Orchestra renews its pilot
NewsSwedish Radio has renewed the British conductor Daniel Harding as music director of its symphony orchestra until 2025.
Harding, who now doubles as a part-time Air France pilot, has been in the post for 15 years.
He tells the orchestra:
Since the very beginning of my conducting career, I have been surrounded by musicians, collaborators and friends of exceptional generosity, talent and wisdom. I understood very early on that important and lasting musical relationships are forged over many years.
2022 marks my fifteen-year anniversary as Music Director of the Swedish Radio Symphony Orchestra. When I came to Stockholm in January 2007, none of us could have known how our futures would unfold, as musicians, as humans, as individuals and as a group. It is one of the immense satisfactions and inspirations of my musical life that I am still here and still enjoying a sense of honeymoon with these truly exceptional musicians.
There is no doubt that here in Stockholm, in Berwaldhallen, I have found my musical family. The bond between us is immense and the spark that we had at the start seems only brighter and more intense.
The role of Music Director is a very important one. Week in, week out, over many years, slowly and patiently working with the same musicians to create an identity, a sense of musical priority and perspective, a deep understanding of one another and the music we play, a trust and exchange with a public. It is a kind of work where the goal is never the concert of the week but the slow and certain construction of something that can only be fully appreciated with hindsight.
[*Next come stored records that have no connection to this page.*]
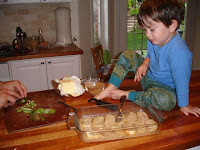 Ben helps prep fresh fruit garnish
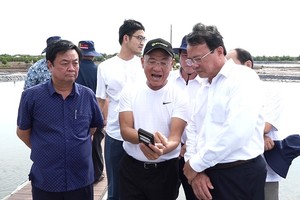 Bộ trưởng Bộ NN&PTNT Lê Minh Hoan (bìa trái) và Chủ tịch UBND tỉnh Trà Vinh Lê Văn Hẳn (bìa phải) tham quan mô hình nuôi tôm công nghệ cao hiệu quả của Tập đoàn Mỹ Lan - Ảnh Văn Vũ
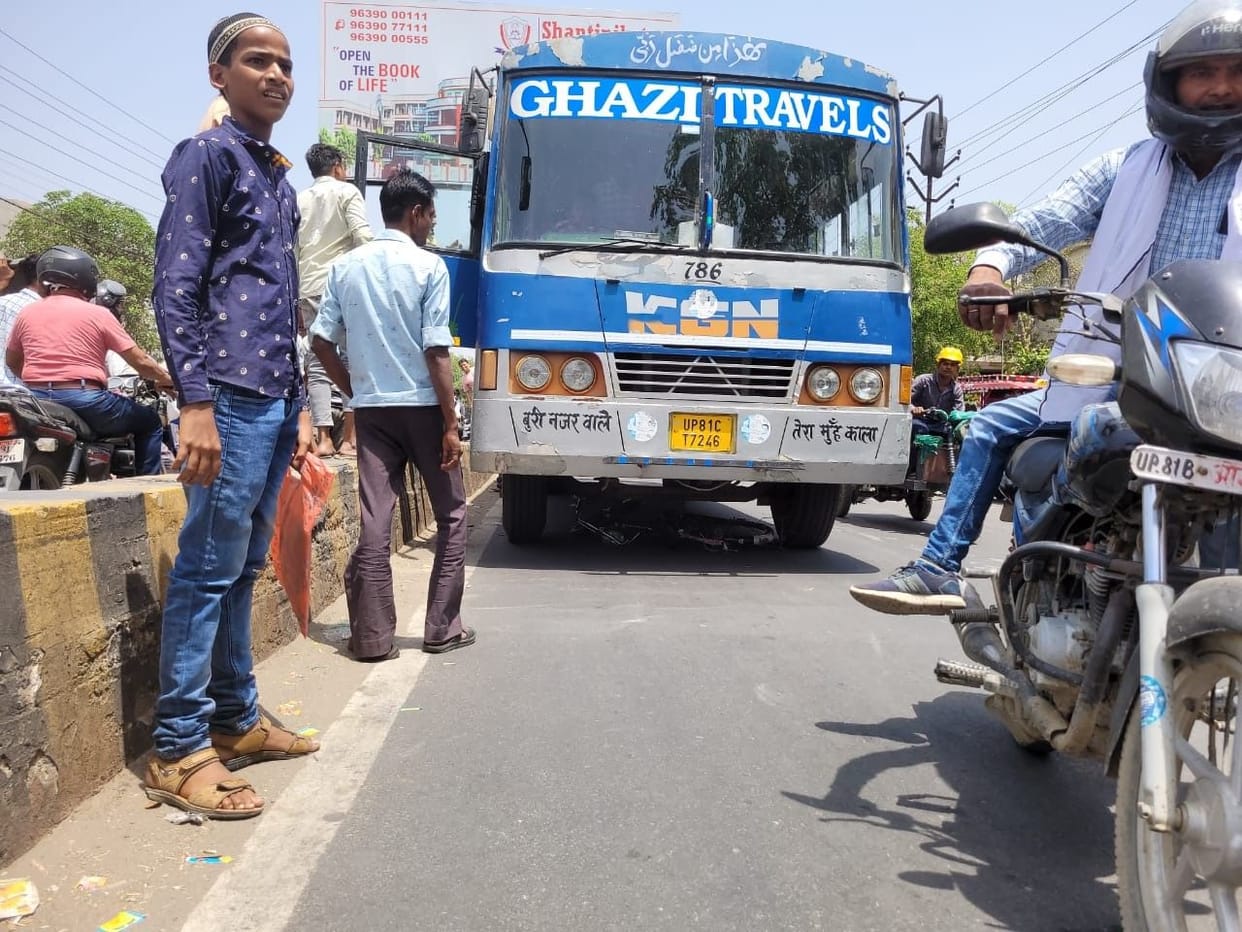 Two children riding bicycles survived being hit by a bus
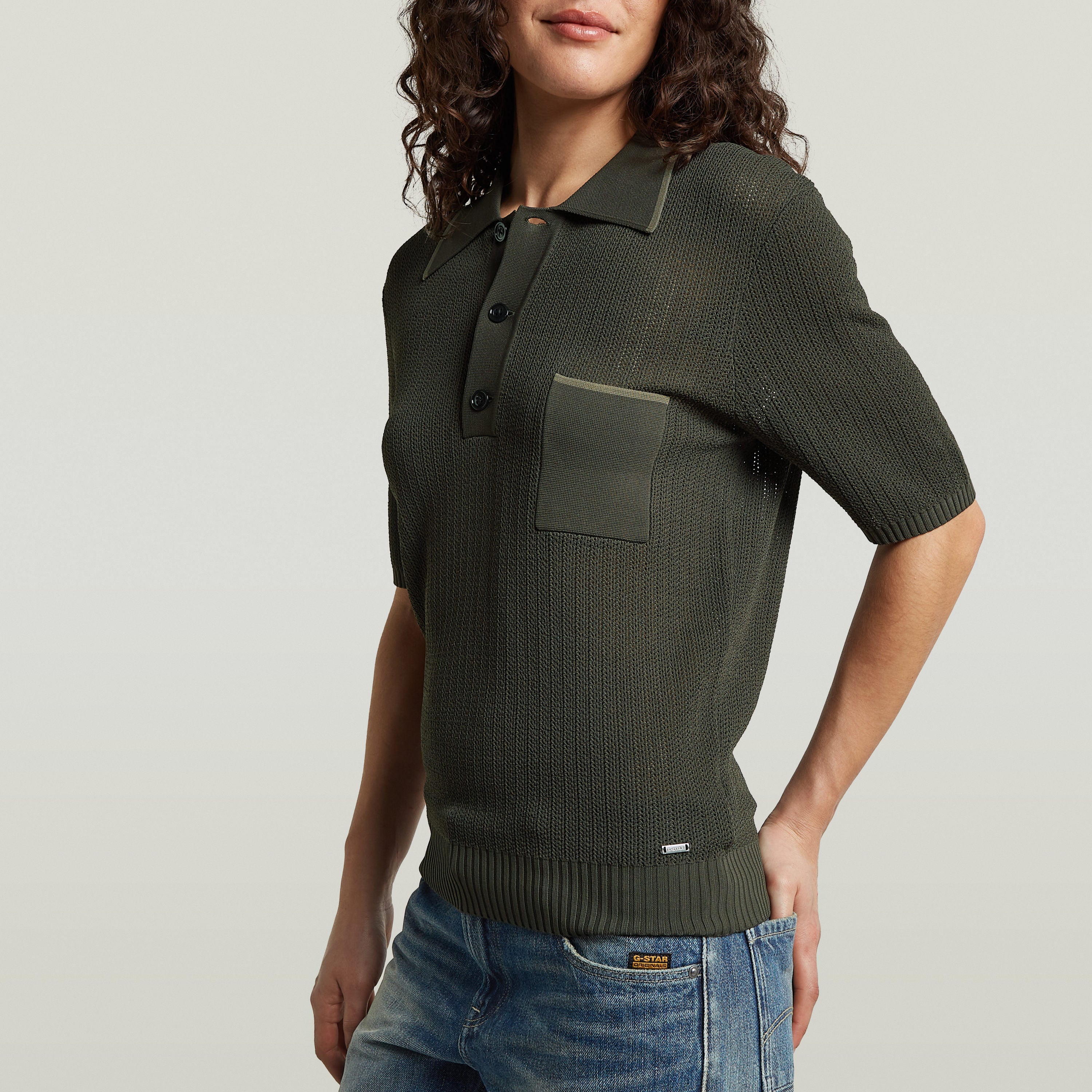 Structure Polo Knit in olive green, a classic knit polo shirt with button closure and a chest pocket.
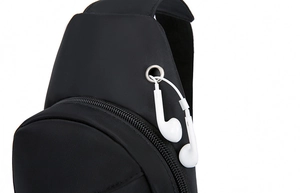 Detail of the earphone port on a black crossbody bag with white cable demonstration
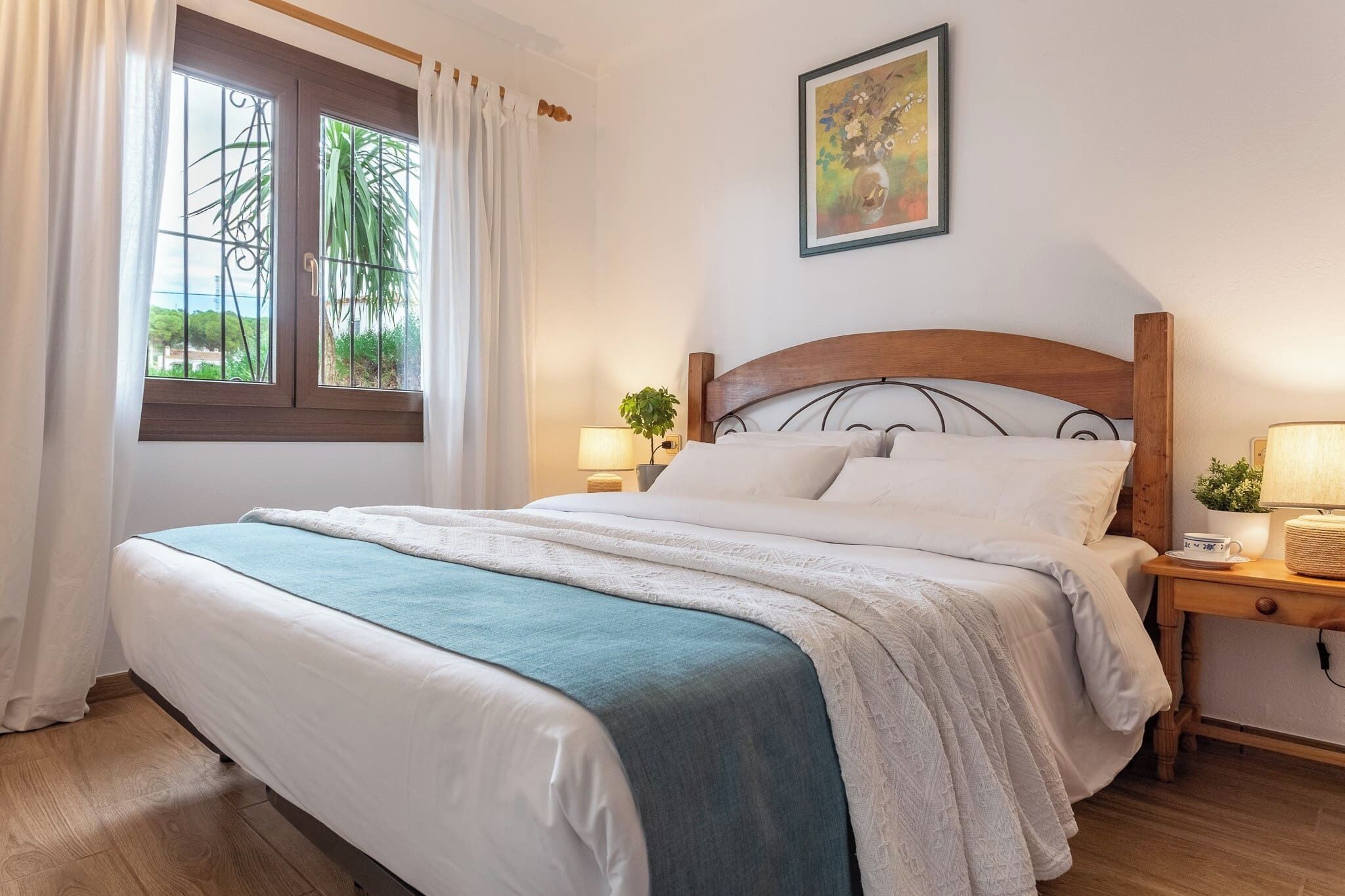 A neatly made bed with a wooden headboard, a bedside table with a lamp, and a window with curtains.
This is all to say that I couldn’t be happier to tell you that I have signed an extension to my contract as Music Director and Artistic Director of the Swedish Radio Symphony Orchestra until at least 2025.
Our plans for this new chapter together are coming into focus:
· Three Wagner operas performed in concert in Berwaldhallen over the next four years, beginning with Tristan and Isolde.
· An even stronger ambition from Swedish Radio to support the continued activity of the orchestra in the country, in Europe and in Asia, on tour and on the radio.
· A commitment to put our wonderful orchestra musicians in the limelight. We will enable more of them to play in front of the orchestra. We will reimagine their chamber music programme to have more focus and to include visiting artists. And in general our musicians will feature more as ambassadors for their own work.
· A music film project that will create so much more than just filmed concerts but films designed to be watched and listened to as full artistic experiences in their own right.
We are privileged to be part of an organization, Sveriges Radio, that is led by Cilla Benkö, whose belief in the importance of Public Service is so unshakable. She is a true friend of our orchestra and understands what we do is free from commercial and political constraints.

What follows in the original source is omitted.